The lawyer’s relationship to the injured plaintiff, who obtained a default judgment against the insurer, was somewhat attenuated. By contrast, there was another investor who likewise brought a malpractice claim against the lawyer, who had a longer standing lawyer client relationship with the lawyer. The insurer settled that claim.
The lawyer assigned his rights against his carrier to the injured plaintiff. The plaintiff brought claims for breach of contract and bad faith. The bad faith claim focused in large part on this fact that the insurer participated in settlement of the other investor’s case, but refused to defend or indemnify in the case of the plaintiff’s investment.
The court ruled that the insurer did have a duty to defend the lawyer against the plaintiff’s claim, and that the claim was covered under the malpractice policy. However, this was not enough in itself to establish bad faith: “Otherwise, essentially all situations where an insured’s claims were denied by an insurer may constitute bad faith; there must be something more to recover for bad faith.” There were no facts “from which the Court can find, let alone find by clear and convincing evidence, that [the insurer] acted with improper purposes.”
The court did not accept the argument that paying the other investor’s claims, but not plaintiff’s, constituted bad faith. “An insurance company is permitted to investigate each claim independently and is not obliged to pay all claims that are submitted.” The plaintiff has not provided “any evidence that the claim paid … was related to less egregious behavior on [the insured’s] part or any other factor that would obligate [the insurer] to pay both claims or be found to have acted in bad faith.”
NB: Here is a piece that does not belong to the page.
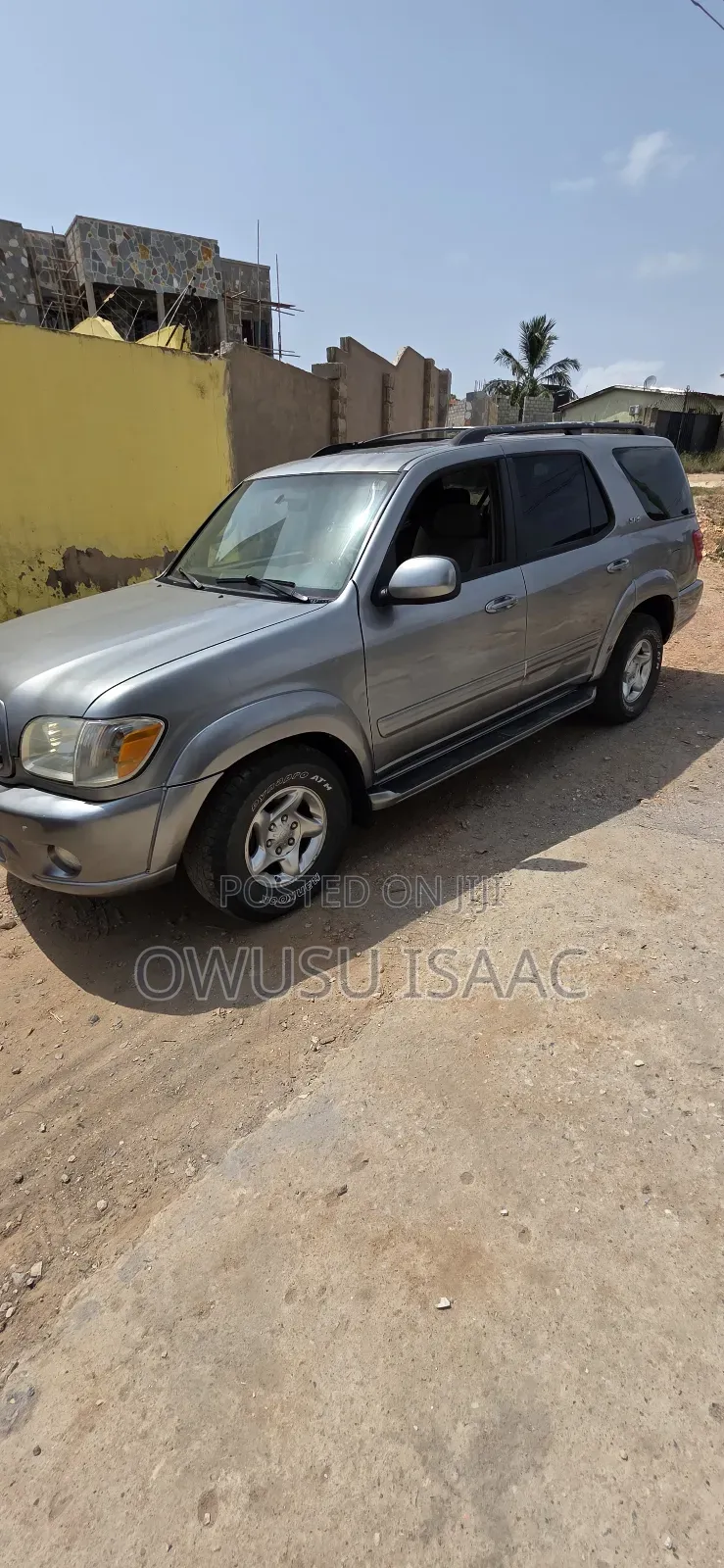 Toyota Sequoia 2001 Gray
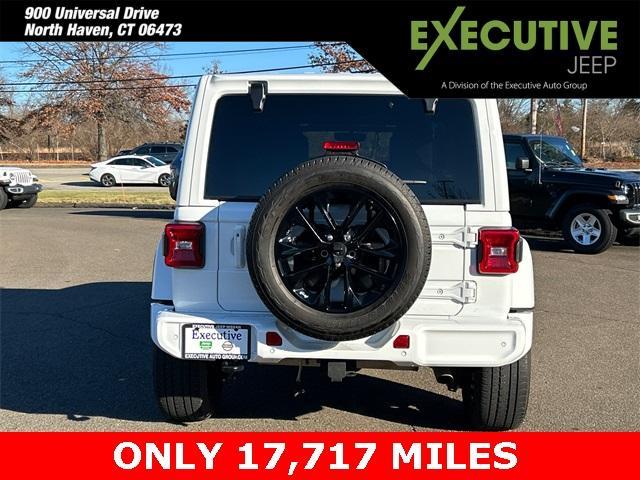 used 2023 Jeep Wrangler car, priced at $42,428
Specifically, covering the claim brought by the long-term client rather negated the notion of bad faith “because this factor could reasonably be a basis for [the insurer] to believe that similar actions by [the insured attorney] with respect to an existing long-term client were covered, while a claim by an individual who did not have an existing relationship with the firm was arguably not covered by the Policy.” This claim was also settled before the malpractice claim at issue was filed. Thus summary judgment was entered for the insurer on the bad faith claim.
Date of Decision: September 3, 2015
Zhuang v. Hanover Ins. Co., 15cv0481, 2015 U.S. Dist. LEXIS 118047 (W.D. Pa. September 3, 2015) (Schwab, J.)